Did ONRC have a role in the [logging] controversy over Ashland’s watershed?
Not as much. We’ve talked with the folks there, but other groups such as Headwaters and the Rogue Group Sierra Club are taking the lead. Talk to Regna, she’s worked all over the state on that sort of thing. There are so many issues in southwest Oregon, more than we can cover. Headwaters is headquartered right in Ashland, so they often take the lead with those types of forest issues.
It’s whoever can fill the niche best?
The fact that I’m not in Ashland is because Headwaters is there. If they didn’t exist, I may have located over there rather than Klamath Falls. I don’t know that, but it’s probable. . I’m saying to people l8You’re talking about the Klamath-Siskiyou bioregion, [so] why are you leaving out the headwaters of the Klamath River? (laughs) This makes your story more compelling, that you have the largest wintering bald eagle population and the largest waterfowl concentration in North America.” You have the Klamath River running through the middle of it, so just pull it over the hill [join it to the bioregion] and you can even throw Crater Lake into the pot, along with its 700 or however many [plant] species Peter Zika came up with for the park.

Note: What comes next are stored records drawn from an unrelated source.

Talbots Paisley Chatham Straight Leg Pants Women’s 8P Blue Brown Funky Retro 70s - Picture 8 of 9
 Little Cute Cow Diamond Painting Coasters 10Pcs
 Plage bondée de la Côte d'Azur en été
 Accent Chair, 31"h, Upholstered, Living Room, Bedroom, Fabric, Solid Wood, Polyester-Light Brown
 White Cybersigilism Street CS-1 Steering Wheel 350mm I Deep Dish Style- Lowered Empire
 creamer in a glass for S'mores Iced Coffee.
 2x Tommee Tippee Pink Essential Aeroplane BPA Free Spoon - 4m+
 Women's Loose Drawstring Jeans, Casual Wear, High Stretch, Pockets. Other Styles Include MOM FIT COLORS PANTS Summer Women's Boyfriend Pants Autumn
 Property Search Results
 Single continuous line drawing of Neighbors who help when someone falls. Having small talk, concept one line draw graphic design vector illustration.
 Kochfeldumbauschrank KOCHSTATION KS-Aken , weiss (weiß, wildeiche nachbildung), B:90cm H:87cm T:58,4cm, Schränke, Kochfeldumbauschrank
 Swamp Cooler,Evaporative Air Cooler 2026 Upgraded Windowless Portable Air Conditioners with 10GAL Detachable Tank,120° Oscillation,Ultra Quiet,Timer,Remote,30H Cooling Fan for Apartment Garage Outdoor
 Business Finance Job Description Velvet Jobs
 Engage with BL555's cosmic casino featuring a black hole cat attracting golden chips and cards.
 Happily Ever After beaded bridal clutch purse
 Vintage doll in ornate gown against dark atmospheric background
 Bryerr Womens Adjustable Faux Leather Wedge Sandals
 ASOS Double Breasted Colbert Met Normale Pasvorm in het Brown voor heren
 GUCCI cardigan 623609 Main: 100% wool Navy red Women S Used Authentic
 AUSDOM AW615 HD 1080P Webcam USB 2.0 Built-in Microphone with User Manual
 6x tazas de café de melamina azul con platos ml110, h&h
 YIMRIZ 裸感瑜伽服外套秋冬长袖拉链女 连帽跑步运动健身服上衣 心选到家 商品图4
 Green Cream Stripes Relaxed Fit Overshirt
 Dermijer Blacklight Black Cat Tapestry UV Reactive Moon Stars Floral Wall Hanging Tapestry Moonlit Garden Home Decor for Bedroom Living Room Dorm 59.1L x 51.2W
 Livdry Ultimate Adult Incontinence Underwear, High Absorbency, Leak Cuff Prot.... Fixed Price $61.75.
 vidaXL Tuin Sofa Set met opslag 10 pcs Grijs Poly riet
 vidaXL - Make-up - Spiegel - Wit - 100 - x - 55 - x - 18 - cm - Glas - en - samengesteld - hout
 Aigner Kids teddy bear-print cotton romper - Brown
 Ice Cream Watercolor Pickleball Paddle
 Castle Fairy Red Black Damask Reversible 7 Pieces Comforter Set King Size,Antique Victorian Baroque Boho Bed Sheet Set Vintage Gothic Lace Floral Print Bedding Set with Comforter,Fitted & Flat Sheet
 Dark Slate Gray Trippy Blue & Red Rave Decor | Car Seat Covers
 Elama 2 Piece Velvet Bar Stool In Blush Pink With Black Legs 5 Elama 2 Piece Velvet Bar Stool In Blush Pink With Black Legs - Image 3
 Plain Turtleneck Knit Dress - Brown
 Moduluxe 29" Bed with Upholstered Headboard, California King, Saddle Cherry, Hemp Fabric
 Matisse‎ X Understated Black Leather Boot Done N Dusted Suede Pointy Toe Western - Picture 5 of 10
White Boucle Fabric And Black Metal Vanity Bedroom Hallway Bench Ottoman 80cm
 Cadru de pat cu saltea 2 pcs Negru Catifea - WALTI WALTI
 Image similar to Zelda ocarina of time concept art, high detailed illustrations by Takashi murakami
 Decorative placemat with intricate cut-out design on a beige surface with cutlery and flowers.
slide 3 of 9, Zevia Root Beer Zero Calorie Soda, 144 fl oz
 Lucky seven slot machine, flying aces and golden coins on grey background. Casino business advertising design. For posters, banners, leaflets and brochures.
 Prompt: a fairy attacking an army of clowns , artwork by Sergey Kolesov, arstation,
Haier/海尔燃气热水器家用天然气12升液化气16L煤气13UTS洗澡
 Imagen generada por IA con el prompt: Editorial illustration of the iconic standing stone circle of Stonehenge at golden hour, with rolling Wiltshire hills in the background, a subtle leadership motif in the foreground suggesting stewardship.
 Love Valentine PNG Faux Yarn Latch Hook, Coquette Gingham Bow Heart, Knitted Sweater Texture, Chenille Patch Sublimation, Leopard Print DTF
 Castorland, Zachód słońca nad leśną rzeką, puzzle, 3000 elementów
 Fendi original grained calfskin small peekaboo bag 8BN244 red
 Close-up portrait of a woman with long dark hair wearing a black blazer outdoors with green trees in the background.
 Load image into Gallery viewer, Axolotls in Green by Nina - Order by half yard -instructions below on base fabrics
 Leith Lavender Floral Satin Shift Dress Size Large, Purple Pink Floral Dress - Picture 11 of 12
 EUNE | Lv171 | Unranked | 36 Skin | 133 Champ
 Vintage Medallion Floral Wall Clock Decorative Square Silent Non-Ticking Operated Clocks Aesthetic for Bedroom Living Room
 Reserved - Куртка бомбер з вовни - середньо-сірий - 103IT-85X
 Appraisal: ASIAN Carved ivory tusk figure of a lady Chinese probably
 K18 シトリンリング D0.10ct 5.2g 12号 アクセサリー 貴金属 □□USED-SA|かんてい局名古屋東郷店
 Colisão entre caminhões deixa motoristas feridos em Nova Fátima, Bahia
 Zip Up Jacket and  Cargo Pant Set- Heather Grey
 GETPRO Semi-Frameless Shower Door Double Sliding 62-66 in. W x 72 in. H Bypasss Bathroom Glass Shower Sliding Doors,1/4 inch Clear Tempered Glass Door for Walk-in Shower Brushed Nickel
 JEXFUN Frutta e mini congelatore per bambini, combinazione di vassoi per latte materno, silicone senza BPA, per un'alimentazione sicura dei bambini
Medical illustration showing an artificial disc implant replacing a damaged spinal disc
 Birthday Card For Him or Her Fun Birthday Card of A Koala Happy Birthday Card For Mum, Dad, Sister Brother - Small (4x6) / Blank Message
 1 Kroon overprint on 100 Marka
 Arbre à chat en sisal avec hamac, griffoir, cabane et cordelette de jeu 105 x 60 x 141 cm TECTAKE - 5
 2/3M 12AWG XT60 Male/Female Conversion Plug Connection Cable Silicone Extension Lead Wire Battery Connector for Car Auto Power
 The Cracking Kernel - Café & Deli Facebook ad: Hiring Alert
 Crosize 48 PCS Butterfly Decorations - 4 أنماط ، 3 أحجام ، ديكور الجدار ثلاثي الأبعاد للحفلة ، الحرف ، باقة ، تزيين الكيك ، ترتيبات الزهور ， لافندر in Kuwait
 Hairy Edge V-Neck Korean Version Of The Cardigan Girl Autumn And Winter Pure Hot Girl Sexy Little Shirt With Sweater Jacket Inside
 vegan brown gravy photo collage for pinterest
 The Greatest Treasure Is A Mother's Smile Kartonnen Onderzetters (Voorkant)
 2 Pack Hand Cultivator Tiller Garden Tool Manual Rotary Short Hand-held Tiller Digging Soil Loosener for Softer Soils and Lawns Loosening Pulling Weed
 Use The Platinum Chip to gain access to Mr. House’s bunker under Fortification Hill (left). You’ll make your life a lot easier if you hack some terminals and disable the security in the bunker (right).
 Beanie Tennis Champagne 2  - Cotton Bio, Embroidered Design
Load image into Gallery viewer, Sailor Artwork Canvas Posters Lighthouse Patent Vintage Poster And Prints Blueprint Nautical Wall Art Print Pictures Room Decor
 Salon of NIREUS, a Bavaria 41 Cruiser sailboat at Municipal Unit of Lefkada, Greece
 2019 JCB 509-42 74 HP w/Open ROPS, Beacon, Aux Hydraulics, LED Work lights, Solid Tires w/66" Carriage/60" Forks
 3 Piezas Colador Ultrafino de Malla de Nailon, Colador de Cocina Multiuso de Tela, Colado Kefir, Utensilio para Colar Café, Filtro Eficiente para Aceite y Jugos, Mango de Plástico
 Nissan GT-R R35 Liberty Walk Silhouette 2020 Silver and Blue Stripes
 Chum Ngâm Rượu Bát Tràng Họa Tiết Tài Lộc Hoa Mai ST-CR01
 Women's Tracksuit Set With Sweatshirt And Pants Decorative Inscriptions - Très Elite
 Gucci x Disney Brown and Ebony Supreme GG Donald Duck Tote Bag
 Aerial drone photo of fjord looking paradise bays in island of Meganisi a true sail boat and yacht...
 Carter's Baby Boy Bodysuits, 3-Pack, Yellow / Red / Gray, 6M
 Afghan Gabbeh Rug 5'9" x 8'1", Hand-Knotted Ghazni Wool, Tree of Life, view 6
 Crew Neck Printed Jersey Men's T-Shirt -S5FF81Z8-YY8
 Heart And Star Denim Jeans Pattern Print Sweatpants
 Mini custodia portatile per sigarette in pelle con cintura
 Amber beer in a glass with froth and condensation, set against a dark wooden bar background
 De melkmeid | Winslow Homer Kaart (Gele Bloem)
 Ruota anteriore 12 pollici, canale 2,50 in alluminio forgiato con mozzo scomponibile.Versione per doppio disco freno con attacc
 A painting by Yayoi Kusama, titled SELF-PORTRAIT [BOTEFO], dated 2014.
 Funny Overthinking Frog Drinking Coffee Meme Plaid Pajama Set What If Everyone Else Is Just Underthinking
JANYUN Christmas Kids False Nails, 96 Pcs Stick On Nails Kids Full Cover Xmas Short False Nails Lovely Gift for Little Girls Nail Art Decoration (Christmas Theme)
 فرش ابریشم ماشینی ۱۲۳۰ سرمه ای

Before you relocated [to the Klamath Basin] did James Monteith carry the flag for the basin?
I never thought he was any more or less interested than in any other part of the state, but he did grow up in the area. When I discovered this place, it wasn’t so much his doing. I visited Lava Beds National Monument on Memorial Weekend in, I think, 1987 and I came back and said “Wow! Have you been there?” “Been there?” James said, “When I was a kid I would coil up a dead rattlesnake and scare people as they walked around the first bend in Captain Jack’s Stronghold.” This was really his back yard, so he was aware of the basin’s features. His father drove a Model A Ford out on Klamath Lake when it was frozen and also to the top of Mount Scott (both laugh incredulously). That little road which I guess goes, up there has fallen apart as you get higher up the mountain. Anyway, James was always interested in the [Klamath Basin] area and its defense, but I would say no more so or no less other parts of the state. When I moved down here, he had left ONRC formally. He was asked by a newspaper about me and said “He’s perfect–I want a bulldog down there.” Stub Stewart, who is a mill owner in Cottage Grove, said “1 really feel sorry for the people of Klamath Falls (laughs).